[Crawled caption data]
= = = = = = =

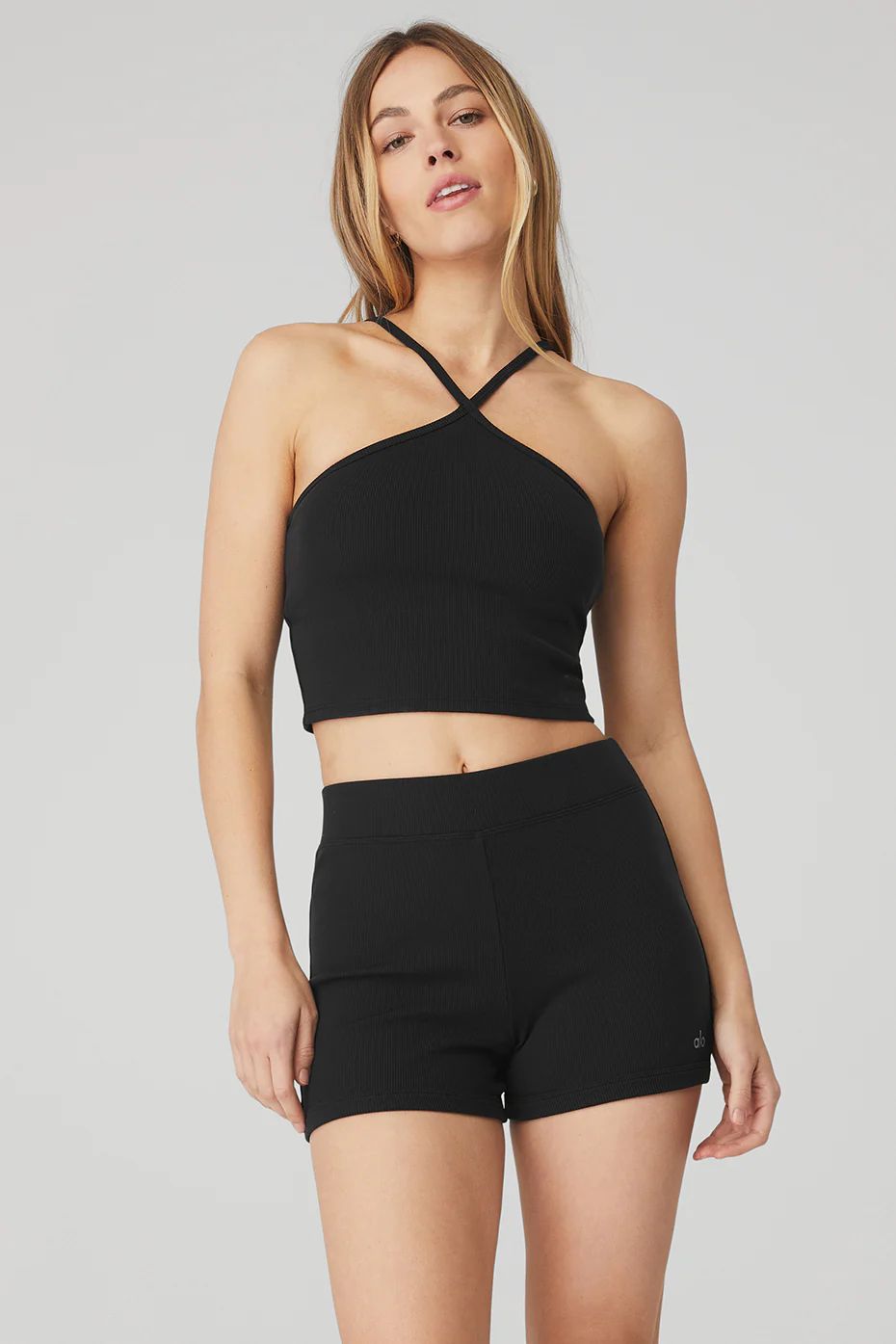 Alo YogaÂ® | Goddess Ribbed Cross Crop Top in Black, Size: XS | Alo Yoga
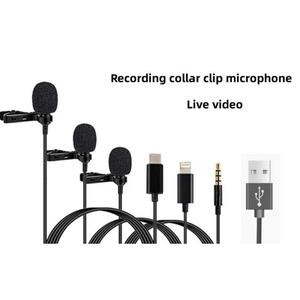 Mikrofon Mini Berwayar Mudah Alih, Panjang 1.5m, Jenis C, Sesuai untuk Telefon Bimbit, Komputer, dan Komputer Riba, Klip Logam pada Lapel, Mikrofon USB, Mikrofon Pemeluwap 3.5mm, CM0049 Hitam Audio Phones Mic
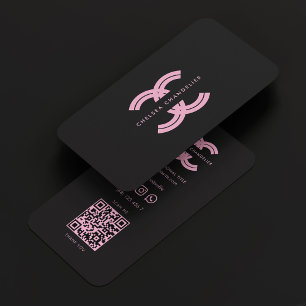 Aesthetic Logo C Black Pink Monogram Professional Business Card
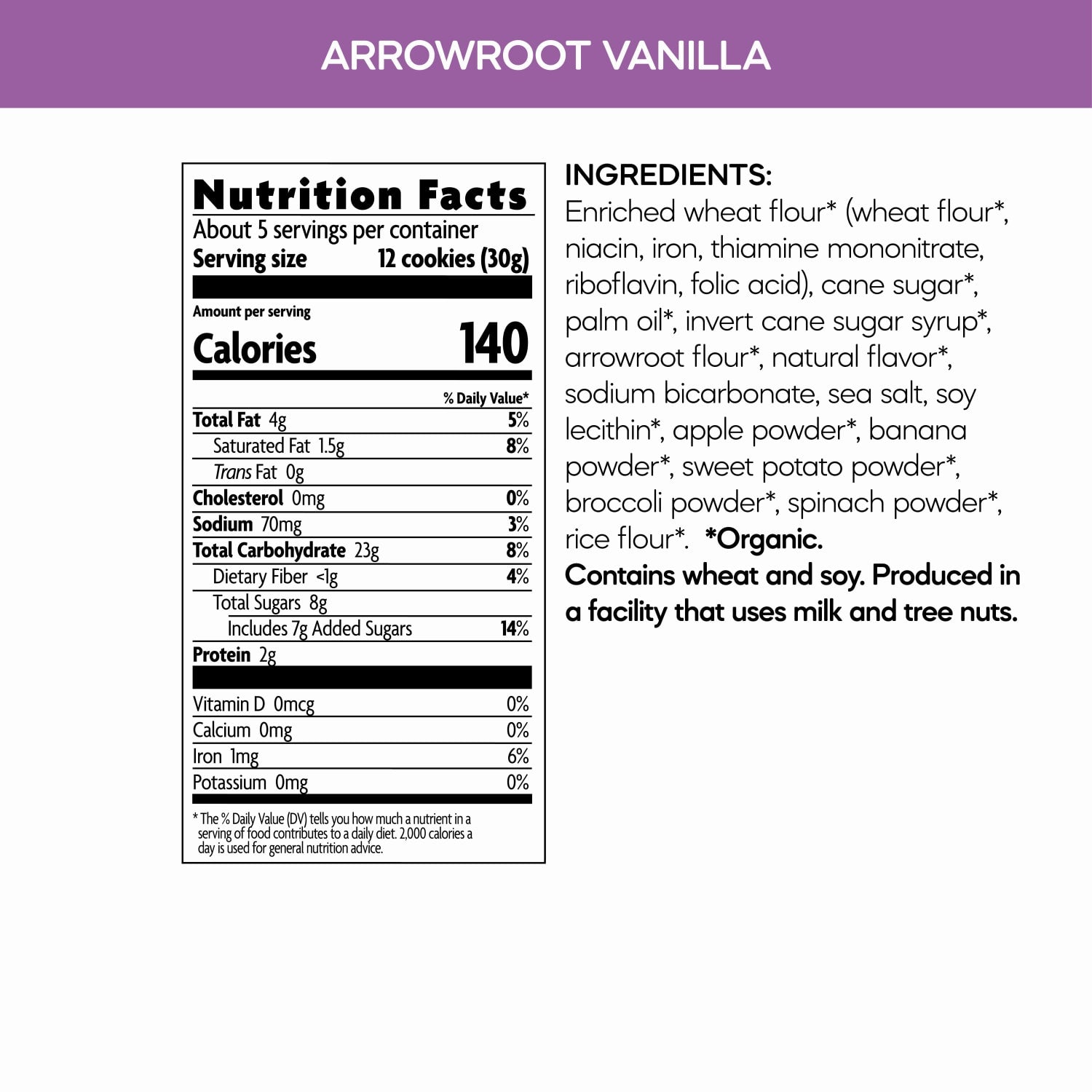 Nutrition facts per serving and ingredient statement for Sea Friends Arrowroot Vanilla Cookies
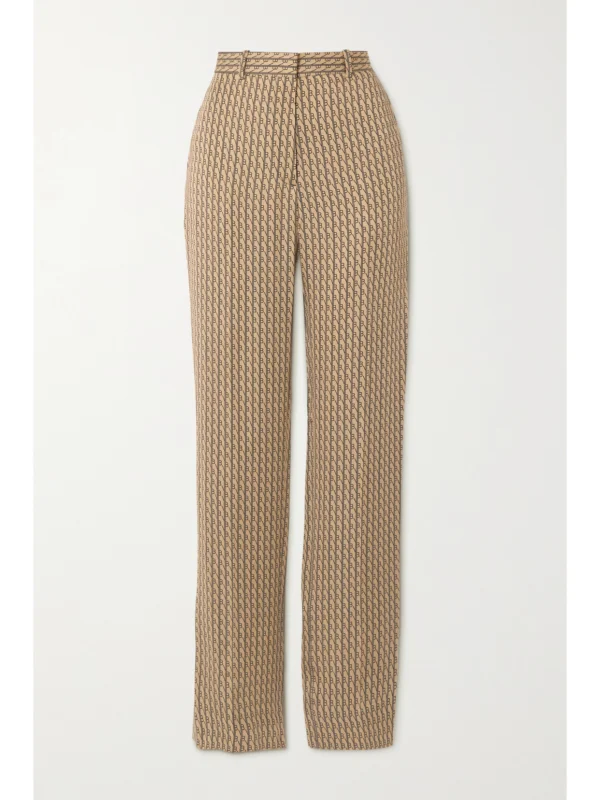Victoria Beckham Printed Twill Straight-leg Pants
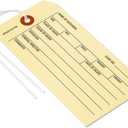 SmartSign Toe Identification Tag for Coroner and Funeral, 5.25" x 2.625" Durable Manila Cardstock with Reinforced Hole, Pre-Strung - Pack of 100 Tags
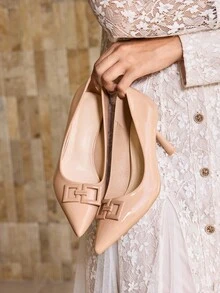 MOTF PREMIUM PU皮革尖头高跟鞋 - 杏色 - 查看 3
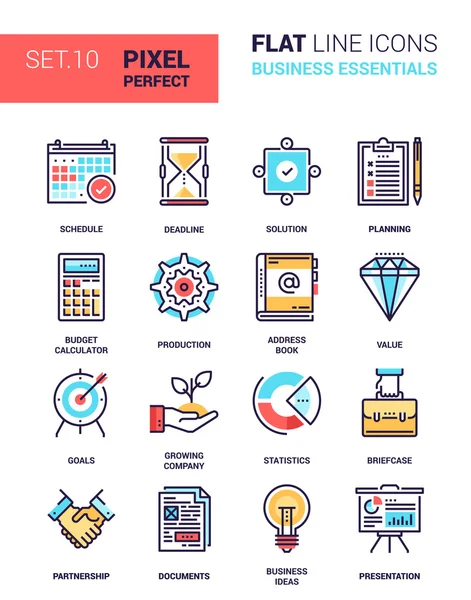Icone di Business Essentials — Vettoriale Stock
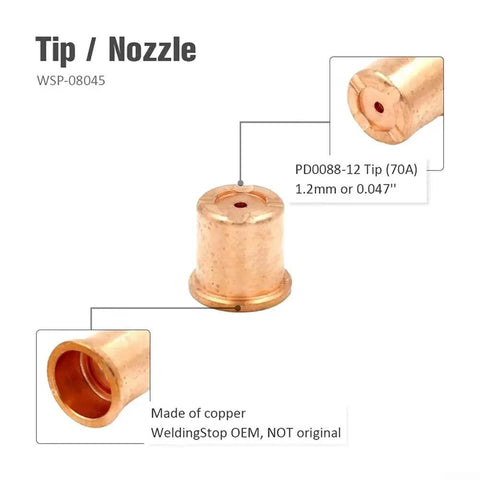 Tip/Nozzle from Heavy Duty 48 Pieces Plasma Cutter Consumables Kit For Eastwood Versa 60A Systems, copper material, 1.2mm.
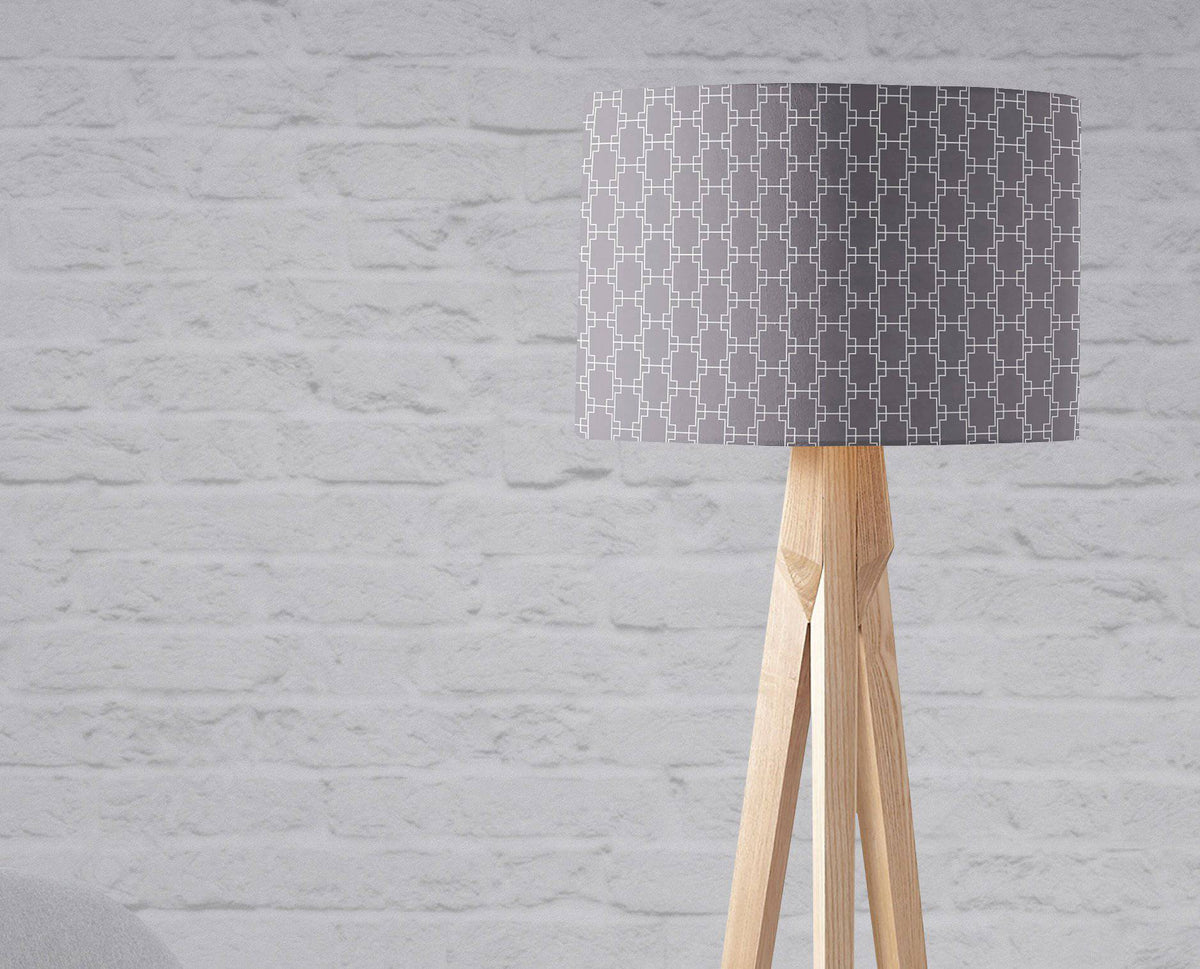 Grey Drum Lampshade, White Squares Geometric Design Shade for Table, Floor or Ceiling Pendant Light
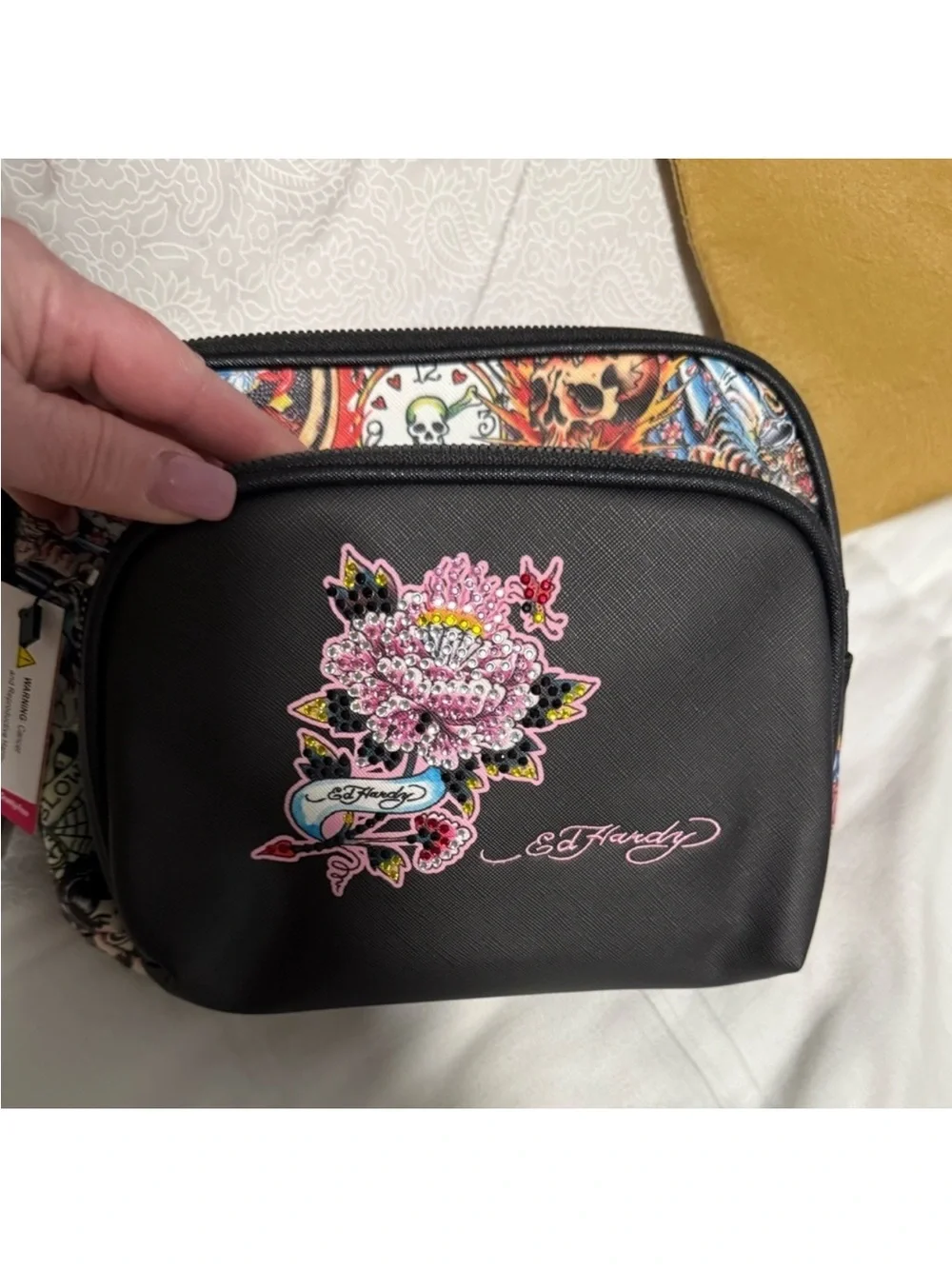 Ed Hardy Black and Pink Floral Cosmetic Bag set. NWT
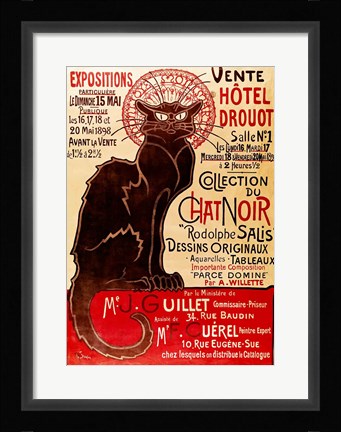 Framed Poster advertising an exhibition of the 'Collection du Chat Noir' Cabaret Print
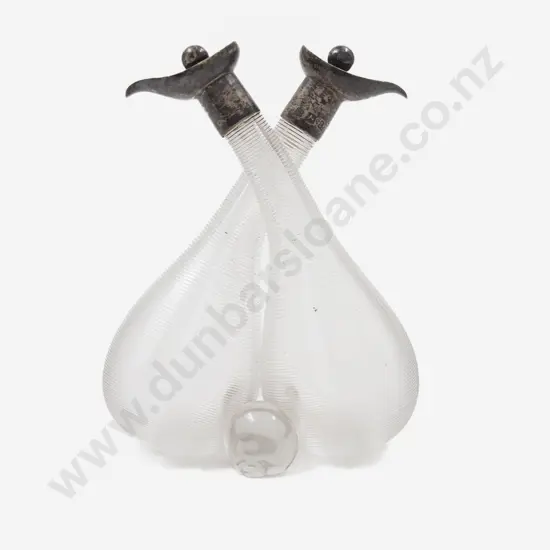 An Unusual Vict S/S Lidded Ribbed Glass Vinaigrette Bottles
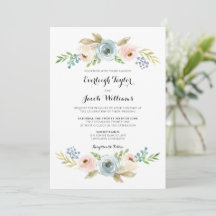 Dusty Blue en Blush Pink Floral Wedding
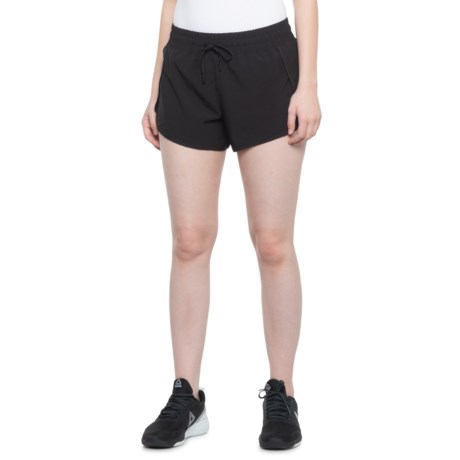 90 Degree by Reflex Woven Running Shorts - Built-In Briefs (For Women) - BLACK (M )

= = = = = = =

» **The task**
From the records above, copy only the lines running from the line holding "SmartSign Toe Identification" through the line holding "Tip/Nozzle from Heavy", with no pictures.

» **Your response**
 SmartSign Toe Identification Tag for Coroner and Funeral, 5.25" x 2.625" Durable Manila Cardstock with Reinforced Hole, Pre-Strung - Pack of 100 Tags
 MOTF PREMIUM PU皮革尖头高跟鞋 - 杏色 - 查看 3
Icone di Business Essentials — Vettoriale Stock
 Tip/Nozzle from Heavy Duty 48 Pieces Plasma Cutter Consumables Kit For Eastwood Versa 60A Systems, copper material, 1.2mm.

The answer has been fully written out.